Perhaps oddly, the ability to initiate a phone call from a Wi-Fi hotspot, with seamless handoff to the mobile network, is in the U.S. market, less about reducing the cost of calling (at least for domestic calls, and often calls to some high-volume international destinations) and more about signal quality and network coverage.
In other words, where voice over Internet Protocol arguably has had the greatest value and impact in the high-cost international calling market, Wi-Fi calling arguably provides the greatest value as an antidote for weak signal coverage inside buildings and homes.
Sprint added Wi-Fi calling early in 2014. And the value proposition was very clear: “With Wi-Fi Calling, Sprint customers will experience improved voice, data and messaging services in locations that previously had limited or no mobile network coverage,” Sprint said at the time.
T-Mobile US in September 2014 launched seamless handoff between calls initiated on either its mobile network or a Wi-Fi hotspot.
AT&T says it now will add that seamless handoff feature as well. Most expect that will happen only after AT&T has launched Voice over Long Term Evolution service on its 4G network.
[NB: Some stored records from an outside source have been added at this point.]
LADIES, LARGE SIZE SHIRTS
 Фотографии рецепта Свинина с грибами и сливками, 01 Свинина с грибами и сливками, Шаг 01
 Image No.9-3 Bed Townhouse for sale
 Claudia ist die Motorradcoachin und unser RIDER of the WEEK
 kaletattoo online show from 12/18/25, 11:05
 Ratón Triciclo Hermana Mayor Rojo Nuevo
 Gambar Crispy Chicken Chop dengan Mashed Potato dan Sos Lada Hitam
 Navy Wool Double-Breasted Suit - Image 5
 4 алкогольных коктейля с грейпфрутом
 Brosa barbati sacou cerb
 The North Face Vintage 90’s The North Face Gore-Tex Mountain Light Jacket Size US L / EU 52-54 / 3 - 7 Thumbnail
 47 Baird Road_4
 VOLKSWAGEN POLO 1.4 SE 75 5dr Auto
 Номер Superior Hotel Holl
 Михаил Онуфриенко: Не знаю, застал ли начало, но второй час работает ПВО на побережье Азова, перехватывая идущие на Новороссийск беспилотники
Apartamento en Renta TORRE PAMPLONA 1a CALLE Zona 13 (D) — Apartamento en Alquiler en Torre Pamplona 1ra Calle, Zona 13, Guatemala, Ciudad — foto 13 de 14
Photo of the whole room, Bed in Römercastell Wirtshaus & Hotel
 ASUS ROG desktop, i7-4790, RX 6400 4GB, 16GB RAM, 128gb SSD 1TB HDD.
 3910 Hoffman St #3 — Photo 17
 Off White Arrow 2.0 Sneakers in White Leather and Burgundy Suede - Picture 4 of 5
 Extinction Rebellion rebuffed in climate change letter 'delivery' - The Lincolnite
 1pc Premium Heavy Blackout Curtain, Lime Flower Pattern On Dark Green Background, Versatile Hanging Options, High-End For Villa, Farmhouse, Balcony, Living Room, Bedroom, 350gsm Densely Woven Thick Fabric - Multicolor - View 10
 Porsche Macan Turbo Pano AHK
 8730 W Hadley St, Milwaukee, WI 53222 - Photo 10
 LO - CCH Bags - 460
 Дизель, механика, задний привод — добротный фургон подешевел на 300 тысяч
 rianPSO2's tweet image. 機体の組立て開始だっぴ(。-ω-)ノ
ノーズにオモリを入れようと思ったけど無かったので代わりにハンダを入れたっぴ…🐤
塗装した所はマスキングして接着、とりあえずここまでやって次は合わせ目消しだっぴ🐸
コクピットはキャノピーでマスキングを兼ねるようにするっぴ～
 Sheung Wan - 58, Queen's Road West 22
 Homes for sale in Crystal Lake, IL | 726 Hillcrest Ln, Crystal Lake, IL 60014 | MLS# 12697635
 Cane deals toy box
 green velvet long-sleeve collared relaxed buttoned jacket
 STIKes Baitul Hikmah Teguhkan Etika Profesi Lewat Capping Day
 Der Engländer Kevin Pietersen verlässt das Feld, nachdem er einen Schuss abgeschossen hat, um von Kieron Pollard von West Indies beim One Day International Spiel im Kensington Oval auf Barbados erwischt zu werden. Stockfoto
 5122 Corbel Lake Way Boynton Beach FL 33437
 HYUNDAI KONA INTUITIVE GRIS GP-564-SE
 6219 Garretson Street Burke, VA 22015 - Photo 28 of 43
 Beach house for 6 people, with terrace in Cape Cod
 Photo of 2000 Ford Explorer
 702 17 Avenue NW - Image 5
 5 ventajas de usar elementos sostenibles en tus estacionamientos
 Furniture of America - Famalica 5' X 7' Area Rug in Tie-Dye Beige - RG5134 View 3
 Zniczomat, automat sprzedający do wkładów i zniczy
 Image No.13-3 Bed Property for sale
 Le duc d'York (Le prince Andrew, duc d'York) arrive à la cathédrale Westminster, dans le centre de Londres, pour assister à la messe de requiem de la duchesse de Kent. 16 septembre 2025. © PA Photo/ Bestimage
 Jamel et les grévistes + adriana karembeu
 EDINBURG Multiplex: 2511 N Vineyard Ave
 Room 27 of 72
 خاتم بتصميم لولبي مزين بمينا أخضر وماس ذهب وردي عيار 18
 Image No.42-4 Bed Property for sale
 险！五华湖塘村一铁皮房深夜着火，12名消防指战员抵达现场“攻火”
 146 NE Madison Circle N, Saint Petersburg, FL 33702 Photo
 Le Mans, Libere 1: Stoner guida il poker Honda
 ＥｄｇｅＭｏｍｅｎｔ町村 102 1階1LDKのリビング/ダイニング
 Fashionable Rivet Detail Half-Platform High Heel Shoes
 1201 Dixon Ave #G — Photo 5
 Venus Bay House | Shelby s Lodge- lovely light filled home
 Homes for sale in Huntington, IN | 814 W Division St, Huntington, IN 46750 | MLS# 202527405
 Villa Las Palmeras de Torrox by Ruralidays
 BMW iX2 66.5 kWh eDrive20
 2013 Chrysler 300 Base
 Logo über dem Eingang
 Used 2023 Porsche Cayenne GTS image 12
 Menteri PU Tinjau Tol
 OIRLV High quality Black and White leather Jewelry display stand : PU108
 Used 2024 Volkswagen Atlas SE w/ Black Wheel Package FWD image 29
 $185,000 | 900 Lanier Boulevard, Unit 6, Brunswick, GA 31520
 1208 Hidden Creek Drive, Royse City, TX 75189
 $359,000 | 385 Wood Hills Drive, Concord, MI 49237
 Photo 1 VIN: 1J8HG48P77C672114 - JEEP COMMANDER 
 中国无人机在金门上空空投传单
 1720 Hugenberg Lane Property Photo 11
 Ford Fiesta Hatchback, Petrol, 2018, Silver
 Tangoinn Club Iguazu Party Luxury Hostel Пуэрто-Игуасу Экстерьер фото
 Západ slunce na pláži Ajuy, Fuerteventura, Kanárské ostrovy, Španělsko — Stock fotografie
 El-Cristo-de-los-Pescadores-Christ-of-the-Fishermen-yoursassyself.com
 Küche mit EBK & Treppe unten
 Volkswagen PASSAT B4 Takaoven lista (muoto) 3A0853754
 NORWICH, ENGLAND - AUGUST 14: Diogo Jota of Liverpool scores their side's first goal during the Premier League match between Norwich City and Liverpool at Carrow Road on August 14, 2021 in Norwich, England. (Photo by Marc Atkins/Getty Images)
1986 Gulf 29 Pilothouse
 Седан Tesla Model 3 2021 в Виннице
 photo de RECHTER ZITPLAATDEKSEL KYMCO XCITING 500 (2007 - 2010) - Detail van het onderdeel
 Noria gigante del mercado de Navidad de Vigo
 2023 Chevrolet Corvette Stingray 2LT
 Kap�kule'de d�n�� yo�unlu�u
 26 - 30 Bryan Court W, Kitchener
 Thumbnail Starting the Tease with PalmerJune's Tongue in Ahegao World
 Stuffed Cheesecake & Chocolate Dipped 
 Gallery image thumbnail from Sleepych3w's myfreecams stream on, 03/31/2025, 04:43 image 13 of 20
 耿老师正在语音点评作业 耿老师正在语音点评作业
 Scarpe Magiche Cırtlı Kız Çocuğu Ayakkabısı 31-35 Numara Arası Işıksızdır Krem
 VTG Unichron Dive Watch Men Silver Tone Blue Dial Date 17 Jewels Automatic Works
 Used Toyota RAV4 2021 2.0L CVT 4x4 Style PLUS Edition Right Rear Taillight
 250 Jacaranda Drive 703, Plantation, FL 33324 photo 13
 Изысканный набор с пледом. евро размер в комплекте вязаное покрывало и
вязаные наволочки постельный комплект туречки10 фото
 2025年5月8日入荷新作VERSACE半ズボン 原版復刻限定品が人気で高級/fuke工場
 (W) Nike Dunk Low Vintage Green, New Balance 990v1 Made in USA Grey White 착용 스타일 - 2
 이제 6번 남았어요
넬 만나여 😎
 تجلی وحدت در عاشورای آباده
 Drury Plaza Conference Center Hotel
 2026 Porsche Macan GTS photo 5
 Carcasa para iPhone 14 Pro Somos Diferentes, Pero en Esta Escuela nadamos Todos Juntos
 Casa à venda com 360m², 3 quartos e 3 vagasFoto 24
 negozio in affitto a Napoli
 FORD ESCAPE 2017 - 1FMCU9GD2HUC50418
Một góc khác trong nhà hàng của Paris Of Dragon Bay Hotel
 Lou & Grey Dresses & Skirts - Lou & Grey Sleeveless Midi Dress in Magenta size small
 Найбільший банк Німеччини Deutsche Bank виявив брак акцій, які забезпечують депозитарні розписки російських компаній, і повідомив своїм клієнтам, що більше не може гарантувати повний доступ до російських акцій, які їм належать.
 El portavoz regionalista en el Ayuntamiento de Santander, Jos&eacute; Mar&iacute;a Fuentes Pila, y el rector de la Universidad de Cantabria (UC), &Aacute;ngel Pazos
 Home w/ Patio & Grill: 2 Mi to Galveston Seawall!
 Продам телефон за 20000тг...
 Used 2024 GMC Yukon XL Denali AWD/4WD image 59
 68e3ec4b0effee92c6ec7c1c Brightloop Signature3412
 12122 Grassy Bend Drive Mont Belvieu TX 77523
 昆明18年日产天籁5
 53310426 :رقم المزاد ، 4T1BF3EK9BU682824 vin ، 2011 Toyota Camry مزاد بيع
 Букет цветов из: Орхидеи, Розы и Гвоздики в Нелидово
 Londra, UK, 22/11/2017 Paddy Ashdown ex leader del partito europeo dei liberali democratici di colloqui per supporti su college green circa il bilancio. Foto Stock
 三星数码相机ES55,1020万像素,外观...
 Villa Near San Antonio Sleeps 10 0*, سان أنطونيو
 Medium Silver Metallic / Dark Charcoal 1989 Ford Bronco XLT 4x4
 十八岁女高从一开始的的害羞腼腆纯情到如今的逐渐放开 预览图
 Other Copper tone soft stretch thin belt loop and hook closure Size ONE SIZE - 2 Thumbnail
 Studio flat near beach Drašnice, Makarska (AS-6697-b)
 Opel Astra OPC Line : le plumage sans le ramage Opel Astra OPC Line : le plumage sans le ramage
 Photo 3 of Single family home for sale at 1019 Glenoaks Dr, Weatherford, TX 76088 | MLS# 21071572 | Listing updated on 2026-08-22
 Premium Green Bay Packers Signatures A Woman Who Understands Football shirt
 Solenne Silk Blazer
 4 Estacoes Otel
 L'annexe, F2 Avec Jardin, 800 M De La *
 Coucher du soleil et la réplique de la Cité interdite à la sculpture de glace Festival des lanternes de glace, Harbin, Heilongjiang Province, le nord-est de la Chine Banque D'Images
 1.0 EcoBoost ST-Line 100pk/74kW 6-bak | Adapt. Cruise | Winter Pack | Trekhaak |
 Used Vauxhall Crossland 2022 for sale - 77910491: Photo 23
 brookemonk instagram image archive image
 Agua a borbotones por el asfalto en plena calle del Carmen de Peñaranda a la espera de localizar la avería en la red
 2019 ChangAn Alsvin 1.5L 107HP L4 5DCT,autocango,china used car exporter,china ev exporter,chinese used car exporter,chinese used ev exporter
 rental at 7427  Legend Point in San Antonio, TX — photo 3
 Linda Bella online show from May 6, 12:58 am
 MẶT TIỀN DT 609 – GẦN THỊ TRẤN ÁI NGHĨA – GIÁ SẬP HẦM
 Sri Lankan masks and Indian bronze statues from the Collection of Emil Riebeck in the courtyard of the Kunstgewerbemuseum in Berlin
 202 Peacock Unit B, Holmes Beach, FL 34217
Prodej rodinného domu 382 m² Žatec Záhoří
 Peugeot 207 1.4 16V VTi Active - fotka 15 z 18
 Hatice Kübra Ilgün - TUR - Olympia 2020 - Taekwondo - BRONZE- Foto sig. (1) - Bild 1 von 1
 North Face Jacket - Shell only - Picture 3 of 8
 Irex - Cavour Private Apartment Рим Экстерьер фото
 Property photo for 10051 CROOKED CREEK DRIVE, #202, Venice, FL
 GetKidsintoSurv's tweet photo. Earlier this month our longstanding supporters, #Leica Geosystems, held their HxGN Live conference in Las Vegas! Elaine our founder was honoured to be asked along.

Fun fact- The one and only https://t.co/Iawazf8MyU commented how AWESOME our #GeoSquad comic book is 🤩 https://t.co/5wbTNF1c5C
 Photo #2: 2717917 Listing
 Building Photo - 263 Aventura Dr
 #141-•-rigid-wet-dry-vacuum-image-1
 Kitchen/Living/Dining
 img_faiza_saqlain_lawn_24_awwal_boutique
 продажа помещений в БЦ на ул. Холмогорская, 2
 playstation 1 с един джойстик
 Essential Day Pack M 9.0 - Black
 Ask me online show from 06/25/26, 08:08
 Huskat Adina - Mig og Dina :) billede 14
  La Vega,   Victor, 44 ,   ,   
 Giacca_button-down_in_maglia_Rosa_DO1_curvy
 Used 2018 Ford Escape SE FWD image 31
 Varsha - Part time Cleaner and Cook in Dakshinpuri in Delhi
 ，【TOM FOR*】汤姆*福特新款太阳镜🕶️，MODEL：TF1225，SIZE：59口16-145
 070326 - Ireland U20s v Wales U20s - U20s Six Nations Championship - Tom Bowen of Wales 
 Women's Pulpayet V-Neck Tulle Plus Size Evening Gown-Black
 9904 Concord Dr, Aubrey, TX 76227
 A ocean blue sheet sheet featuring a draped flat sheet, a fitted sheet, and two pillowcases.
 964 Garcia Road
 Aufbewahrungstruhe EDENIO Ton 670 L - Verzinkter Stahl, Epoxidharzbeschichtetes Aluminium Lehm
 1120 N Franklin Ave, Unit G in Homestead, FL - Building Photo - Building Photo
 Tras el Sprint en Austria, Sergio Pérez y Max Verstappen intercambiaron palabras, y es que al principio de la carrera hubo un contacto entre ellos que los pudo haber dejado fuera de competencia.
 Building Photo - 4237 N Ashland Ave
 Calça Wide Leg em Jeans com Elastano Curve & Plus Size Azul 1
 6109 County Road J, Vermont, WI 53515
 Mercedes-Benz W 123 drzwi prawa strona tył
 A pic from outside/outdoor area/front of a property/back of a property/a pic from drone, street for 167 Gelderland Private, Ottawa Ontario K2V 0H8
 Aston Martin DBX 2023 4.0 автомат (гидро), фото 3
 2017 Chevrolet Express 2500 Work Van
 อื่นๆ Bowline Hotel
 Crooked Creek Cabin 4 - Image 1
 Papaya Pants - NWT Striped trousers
It is only a matter of time before Verizon Wireless does so as well.
That new feature illustrates two long-standing trends, first, that Internet Protocol tends to undermine the existing business and revenue model for virtually any business it reaches, sooner or later.
VoIP, for example, has undermined the profitability of international calling.
The other trend is that IP also enables new competition, and market entry by new competitors, in virtually every business. Consider the latest feature--seamless call handoff between Wi-Fi and the mobile network.
A mobile service provider with coverage issues--either limitations of its mobile network based on location of towers or in-building coverage based on frequency limitations--can use the technique to vastly improve user experience.
On the other hand, since widespread mobile wholesale business arrangements exist, seamless call initiation also makes it possible for new competitors to enter the market.
This especially is true for contestants using a “Wi-Fi-first” access method, where devices attempt to connect first to Wi-Fi, then defaulting to the mobile network only when that is not possible.